The ripple effects from this decision, not just for both teams, but for the AFC East in general, have been huge and long-lasting.
In addition to playing at an All-Pro level for much of his time in New Orleans, Brees has also been incredibly durable, starting all but two games for the Saints since he came to the Bayou State from San Diego. (Luke McCown and Mark Brunell started the others.)
Over the same period, the Dolphins quarterback situation has been, to put it bluntly, a dumpster fire.

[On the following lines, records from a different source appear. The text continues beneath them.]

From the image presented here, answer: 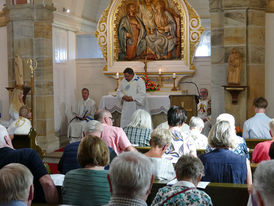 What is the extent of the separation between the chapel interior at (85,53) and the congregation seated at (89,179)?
5.91m

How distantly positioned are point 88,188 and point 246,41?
6.34 metres

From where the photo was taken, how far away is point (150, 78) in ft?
41.2

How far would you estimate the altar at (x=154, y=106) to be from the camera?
11.4m

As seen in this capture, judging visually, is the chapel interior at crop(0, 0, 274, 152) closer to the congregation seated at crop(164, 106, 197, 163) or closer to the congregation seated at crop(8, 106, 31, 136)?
the congregation seated at crop(8, 106, 31, 136)

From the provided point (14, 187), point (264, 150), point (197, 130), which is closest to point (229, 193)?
point (264, 150)

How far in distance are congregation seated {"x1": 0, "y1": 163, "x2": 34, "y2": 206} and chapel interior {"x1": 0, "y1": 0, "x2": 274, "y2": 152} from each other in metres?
6.98

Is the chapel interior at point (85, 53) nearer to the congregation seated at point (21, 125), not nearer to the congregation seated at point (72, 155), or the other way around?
the congregation seated at point (21, 125)

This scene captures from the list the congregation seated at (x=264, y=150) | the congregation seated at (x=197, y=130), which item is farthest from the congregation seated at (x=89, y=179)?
the congregation seated at (x=197, y=130)

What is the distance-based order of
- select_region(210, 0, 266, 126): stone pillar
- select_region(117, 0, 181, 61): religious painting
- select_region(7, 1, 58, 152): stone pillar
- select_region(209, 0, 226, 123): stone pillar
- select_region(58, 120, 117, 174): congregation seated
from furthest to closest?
select_region(117, 0, 181, 61): religious painting
select_region(7, 1, 58, 152): stone pillar
select_region(209, 0, 226, 123): stone pillar
select_region(210, 0, 266, 126): stone pillar
select_region(58, 120, 117, 174): congregation seated

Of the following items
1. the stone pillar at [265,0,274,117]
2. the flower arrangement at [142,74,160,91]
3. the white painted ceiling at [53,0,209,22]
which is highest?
the white painted ceiling at [53,0,209,22]

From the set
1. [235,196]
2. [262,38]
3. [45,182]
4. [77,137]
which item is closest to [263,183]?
[235,196]

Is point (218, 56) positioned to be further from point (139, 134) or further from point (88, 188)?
point (88, 188)

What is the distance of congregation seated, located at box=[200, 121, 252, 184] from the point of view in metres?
4.09

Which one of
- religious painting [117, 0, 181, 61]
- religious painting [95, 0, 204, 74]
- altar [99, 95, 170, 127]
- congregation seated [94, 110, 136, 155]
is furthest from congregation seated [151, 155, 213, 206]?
religious painting [117, 0, 181, 61] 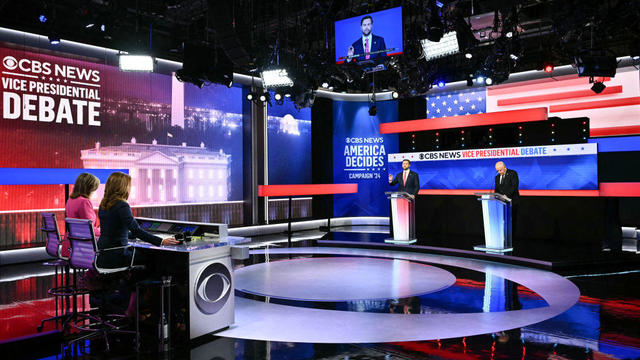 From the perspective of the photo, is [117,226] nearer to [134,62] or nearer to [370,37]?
[370,37]

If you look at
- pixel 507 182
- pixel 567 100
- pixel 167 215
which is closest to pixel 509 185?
pixel 507 182

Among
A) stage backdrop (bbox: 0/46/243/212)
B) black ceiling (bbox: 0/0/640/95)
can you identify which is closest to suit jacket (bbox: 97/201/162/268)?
black ceiling (bbox: 0/0/640/95)

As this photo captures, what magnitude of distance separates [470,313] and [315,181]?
8.86m

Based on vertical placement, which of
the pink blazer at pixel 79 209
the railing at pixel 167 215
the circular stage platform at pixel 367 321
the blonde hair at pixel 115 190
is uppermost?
the blonde hair at pixel 115 190

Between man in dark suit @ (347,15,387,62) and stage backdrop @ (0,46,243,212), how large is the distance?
480cm

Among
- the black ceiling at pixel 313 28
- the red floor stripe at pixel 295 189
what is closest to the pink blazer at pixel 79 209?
the black ceiling at pixel 313 28

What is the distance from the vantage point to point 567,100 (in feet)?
36.0

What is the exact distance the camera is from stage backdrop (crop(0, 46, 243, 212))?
295 inches

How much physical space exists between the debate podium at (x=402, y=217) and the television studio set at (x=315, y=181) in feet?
0.12

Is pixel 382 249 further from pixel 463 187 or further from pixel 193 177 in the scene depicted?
pixel 193 177

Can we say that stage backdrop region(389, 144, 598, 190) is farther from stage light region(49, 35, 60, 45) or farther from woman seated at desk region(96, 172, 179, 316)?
woman seated at desk region(96, 172, 179, 316)

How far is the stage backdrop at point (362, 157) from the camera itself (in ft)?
42.8

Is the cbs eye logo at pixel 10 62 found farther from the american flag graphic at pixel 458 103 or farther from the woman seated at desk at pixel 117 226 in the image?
the american flag graphic at pixel 458 103

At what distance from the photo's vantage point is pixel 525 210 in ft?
28.5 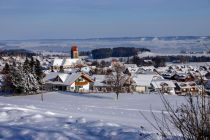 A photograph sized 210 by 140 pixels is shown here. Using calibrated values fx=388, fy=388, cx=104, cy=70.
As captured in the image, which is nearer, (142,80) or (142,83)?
(142,83)

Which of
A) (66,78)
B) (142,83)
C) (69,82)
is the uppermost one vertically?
(66,78)

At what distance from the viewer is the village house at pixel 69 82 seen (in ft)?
166

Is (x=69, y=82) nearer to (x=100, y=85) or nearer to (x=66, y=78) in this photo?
(x=66, y=78)

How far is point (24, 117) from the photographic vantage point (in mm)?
9156

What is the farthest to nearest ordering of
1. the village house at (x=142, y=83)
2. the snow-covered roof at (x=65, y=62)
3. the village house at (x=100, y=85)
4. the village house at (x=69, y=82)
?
the snow-covered roof at (x=65, y=62) < the village house at (x=142, y=83) < the village house at (x=100, y=85) < the village house at (x=69, y=82)

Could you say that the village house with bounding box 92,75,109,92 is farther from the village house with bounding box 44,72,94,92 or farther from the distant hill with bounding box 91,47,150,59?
the distant hill with bounding box 91,47,150,59

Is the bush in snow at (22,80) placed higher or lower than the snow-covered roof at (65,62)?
lower

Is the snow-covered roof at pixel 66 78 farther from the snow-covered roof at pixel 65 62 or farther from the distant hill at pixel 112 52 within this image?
the distant hill at pixel 112 52

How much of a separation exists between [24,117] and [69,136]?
272 centimetres

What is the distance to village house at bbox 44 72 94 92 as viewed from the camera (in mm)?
50500

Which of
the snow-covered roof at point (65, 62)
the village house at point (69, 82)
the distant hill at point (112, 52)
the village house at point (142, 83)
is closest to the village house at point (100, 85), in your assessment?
the village house at point (69, 82)

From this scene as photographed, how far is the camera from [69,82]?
164 feet

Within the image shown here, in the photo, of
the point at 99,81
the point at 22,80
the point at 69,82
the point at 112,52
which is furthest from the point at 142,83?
the point at 112,52

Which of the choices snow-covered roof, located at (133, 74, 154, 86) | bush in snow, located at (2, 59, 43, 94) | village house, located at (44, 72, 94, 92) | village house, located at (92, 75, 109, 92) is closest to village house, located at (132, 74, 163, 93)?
snow-covered roof, located at (133, 74, 154, 86) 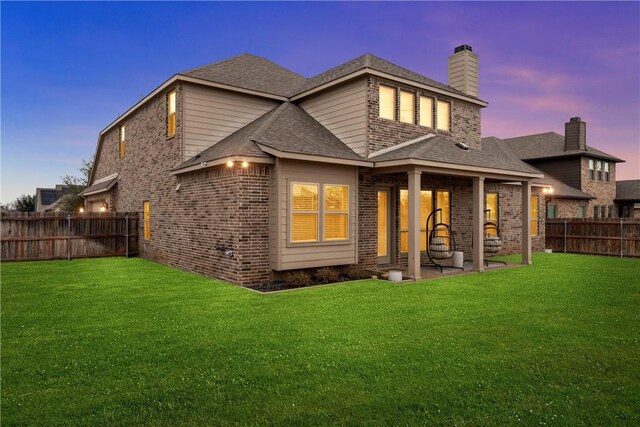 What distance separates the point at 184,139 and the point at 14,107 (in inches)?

Since Miami brought in Culpepper and he started all of four games for the the team in 2006, the list of quarterbacks who have started at least one game for the Dolphins reads like a list of NFL trivia has-beens and never-was-es: Joey Harrington, Trent Green, Cleo Lemon, John Beck, Tyler Thigpen, Chad Pennington, Chad Henne, Jay Cutler, Matt Moore, and Ryan Tannehill.
Of those quarterbacks, only one has a career winning percentage with Miami: Pennington who posted a .600 win mark thanks to a 12-8 record. While not overly impressive, Pennington’s body of work looks positively Brady-like compared to what his peers Cutler (.429), Henne (.419), and Green (.000) accomplished.
Overall, from 2006 through last season, the Dolphins have compiled a regular-season record of 83-109 (.432). Over that same period with Brees and his “bad” shoulder under center for nearly every game, the New Orleans Saints have gone 112-80 (.583) and won a Super Bowl (2009).
In addition to helping the Saints march to wins for more than a decade, Miami’s failure to sign Brees also paved the way for their division rival, the New England Patriots, to continue to dominate the AFC East with an iron fist.
Consider: Since Miami decided Brees was damaged goods, the Patriots have compiled a regular-season record of 151-41 (.786) and gone to five Super Bowls, winning two.
Against Miami specifically, the Pats have gone 18-7 since 2005, including a 38-7 drubbing of the previously undefeated Dolphins last week at Gillette Stadium in Foxboro.
While there’s no way to know how things would have been different last week or over the prior 12-plus seasons if Brees were under center for Miami instead of the Culpepper-to-Tannehill rotation, it seems hard to deny that the Dolphins passing on Brees was a huge missed opportunity.
Thanks to that fateful decision, Miami has been filling the most important position in sports with an consistent parade of mediocrities, which has only padded the Patriots’ record, giving New England two games a year against an NFL team without an elite NFL quarterback.
Miami had the potential answer to this problem in Brees, but was unable to pull the trigger because of questions about his shoulder. And their loss has been New Orleans’, and New England’s, gain ever since.